El dueño de la televisora Red UNO, Ivo Kuljis, se negó a asistir ayer viernes a una reunión de conciliación con un grupo de sus trabajadores que exige beneficios laborales, bajo el argumento de que el Ministerio de Trabajo ya no tiene competencia para conocer este caso.
“Este tema ya no es un asunto que deba ser conocido y discutido por el Ministerio de Trabajo”, dice una carta de Kuljis enviada al ministro Gonzalo Trigoso.
Trabajadores de la Red UNO, agrupados en el sindicato Alianza UNO, exigen el cumplimiento de un laudo arbitral, por el cual se ordena que se les pague horas extra y otros beneficios.
El ministerio convocó a Kuljis y los trabajadores para entablar un proceso de conciliación ayer viernes a las 17:00, pero el empresario no asistió.

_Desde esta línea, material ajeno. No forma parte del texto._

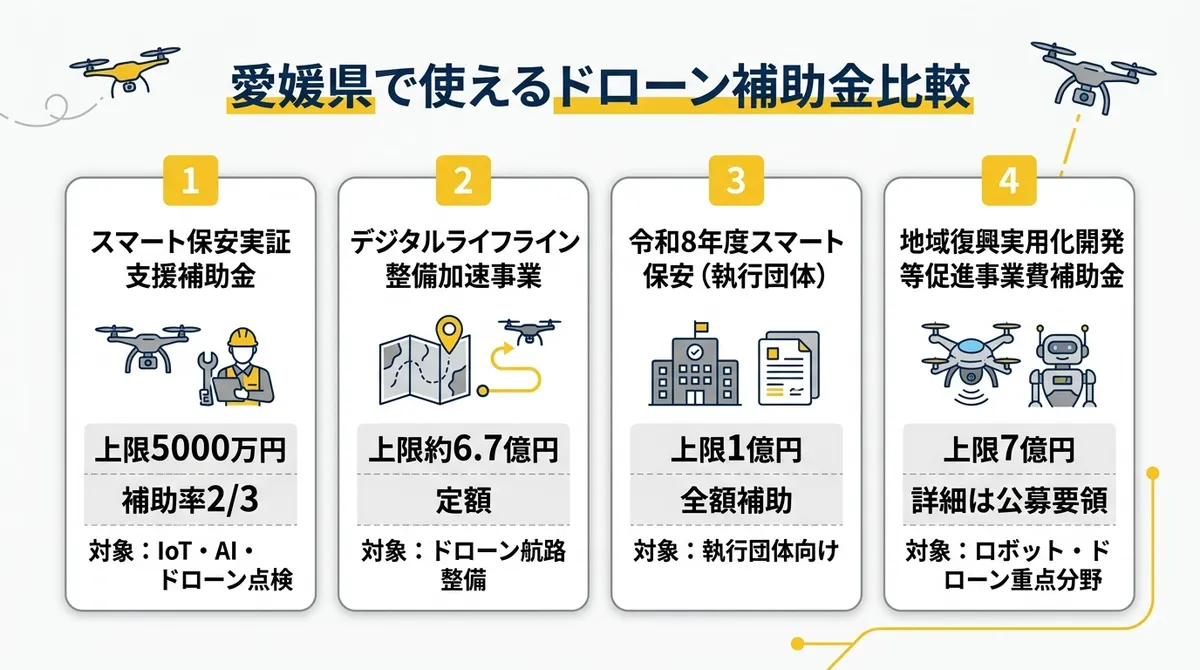 愛媛県で使えるドローン補助金比較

“El proceso de conciliación y el laudo carecen de legalidad y legitimidad por una serie de violaciones que se han cometido por la Jefatura Departamental de Trabajo y el Tribunal Arbitral”, aseveró Kuljis.
Advirtió que la exigencia es promovida por un “pequeño grupo de trabajadores” y que el laudo es de “imposible cumplimiento” y “conllevaría a la quiebra” de Red UNO.

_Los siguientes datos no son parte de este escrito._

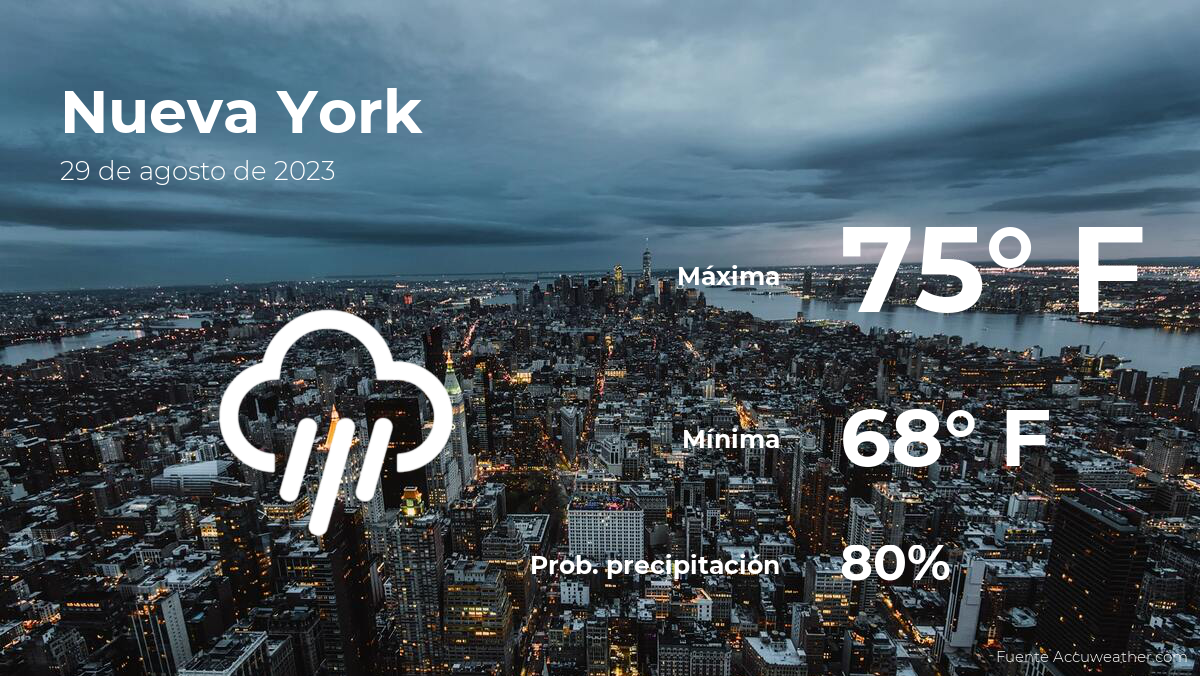 new-york:-the-weather-for-today,-tuesday,-august-29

El empresario explicó que el caso pasó a la justicia ordinaria y que cualquier controversia se debe resolver en ese ámbito.
Más de 20 trabajadores del sindicato de esa red decretaron un paro indefinido desde el pasado 8 de agosto, medida que fue declarada legal el 11 de agosto por la Jefatura Departamental de Trabajo.